Thank you Cristy, I did try to call but you were out at the time. It's more that my W is in the house most nights. One of her complaints about me is that I 'stop' her going out but in the last month she has only gone out once.
As I have been reading DR, (I have just finished chapter 5) the questions I have are regarding the possible improvements that can be seen. In the past week I have spent little time with her outside of our children and kept any conversations short but polite. She is regularly curious about my day, where I go, if I had a good time when I have gone out. When I read about the LRT, it seems to fit what is written as the second possibility of things that could happen. I'm certainly not going to get ahead of myself and think things are getting better per say but I know she has been asking friends about 'my changes'. I even had one of her best friends call me by 'accident' (something she has never done), and she asked how I was. I kept it short and just said I had looked into myself and was working on me.
Like I said before, I am happy with the path I'm on and will continue on it. I am not going to try and read her mind as it seems to be everywhere and nowhere at the same time.

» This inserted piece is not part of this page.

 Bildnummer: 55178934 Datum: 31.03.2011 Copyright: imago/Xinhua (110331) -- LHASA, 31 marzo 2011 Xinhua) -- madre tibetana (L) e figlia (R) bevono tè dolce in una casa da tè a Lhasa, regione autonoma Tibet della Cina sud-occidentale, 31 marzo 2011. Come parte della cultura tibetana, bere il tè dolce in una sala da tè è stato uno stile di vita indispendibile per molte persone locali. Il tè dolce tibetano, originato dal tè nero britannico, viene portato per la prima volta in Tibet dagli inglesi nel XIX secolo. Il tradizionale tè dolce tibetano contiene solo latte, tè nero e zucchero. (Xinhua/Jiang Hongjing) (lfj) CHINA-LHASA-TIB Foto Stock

I have been thinking of something the past few days and maybe here is the best place to garner opinion. Part of what she seems to want is independence, she feels she is too tied to me (something that is fine when it suits her). With our house I have been the one to pay all the bills and take care of 95% of the paperwork especially as we built it. She has one more month here before this apartment is available. I had Been considering suggesting to her that she takes care of all the house stuff for this next month and to say I am happy she is looking to stand on her own two feet. To give her that opportunity that till now she has never wanted to do. Any thoughts?